Next, the operation of the face model parameter estimation device 10 that estimates the parameters of the three-dimensional face shape model 12Q will be described. In the present embodiment, the face model parameter estimation device 10 operates by the device main body 12 of the computer.
Fig. 5 shows an example of the flow of processing of the face model parameter estimation program 12P in the face model parameter estimation device 10 implemented by a computer. In the apparatus main body 12, the face model parameter inference program 12P is read out from the ROM12C and developed in the RAM12B, and the CPU12A executes the face model parameter inference program 12P developed in the RAM 12B.
First, the CPU12A executes a captured image acquisition process by the camera 16 (step S101). The processing in step S101 is an example of an operation of acquiring a captured image output from the imaging unit 101 shown in fig. 4.

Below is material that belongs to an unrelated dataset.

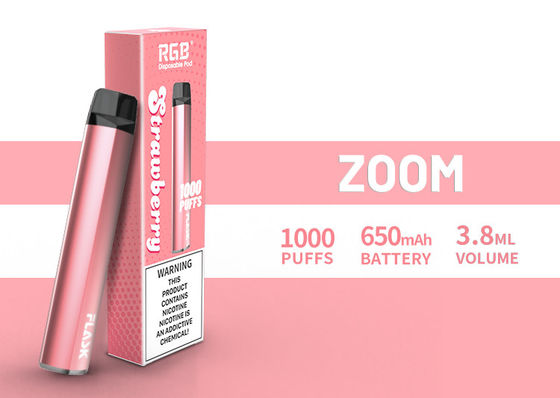 ZOOM Bertaraf Vapepen cihazları stabilitesi yüksek kaliteli 1000puffs 650mah 304 Stianless çelik
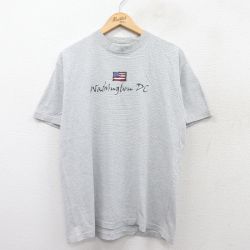 【50%OFF】L★古着 半袖 ビンテージ Tシャツ メンズ 90年代 90s ワシントンDC 星条旗 コットン クルーネック USA製 グレー他 ボーダー 25aug19 中古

Next, in step S101, the CPU12A detects feature points of a plurality of organs of the face from the acquired captured image (step S102). In the present embodiment, two organs, that is, the eye and the mouth, are used as the plurality of organs, but the present invention is not limited to this. In addition to these organs, other organs such as the nose and the ear may be used, and a plurality of combinations of the above organs may be applied. In the present embodiment, the feature points are extracted from the captured image by the technique described in "modified Kazemi and Josephine cullvan," One millisecondary Face Alignment with an Ensemble of Regression Trees ".
Next, in step S102, the CPU12A detects the x-coordinate value and the y-coordinate value in the image coordinate system of the detected feature point of each organ, and derives the three-dimensional coordinate value in the image coordinate system of the feature point of each organ by estimating the z-coordinate value in the image coordinate system (step S103). In the present embodiment, the derivation of three-dimensional coordinate values in the image coordinate system is performed by the technique described in "y.sun, x.wang and x.tang," Deep volumetric Network case for Facial Point Detection, "Conference on Computer Vision and Pattern Registration (CVPR)2013. In this technique, the x-coordinate value and the y-coordinate value of each feature point are detected by deep learning, but the z-coordinate value may be estimated by adding the z-coordinate value to the learning data. The technique for deriving the three-dimensional coordinate values of the image coordinate system is also widely and generally implemented, and therefore further description thereof is omitted here.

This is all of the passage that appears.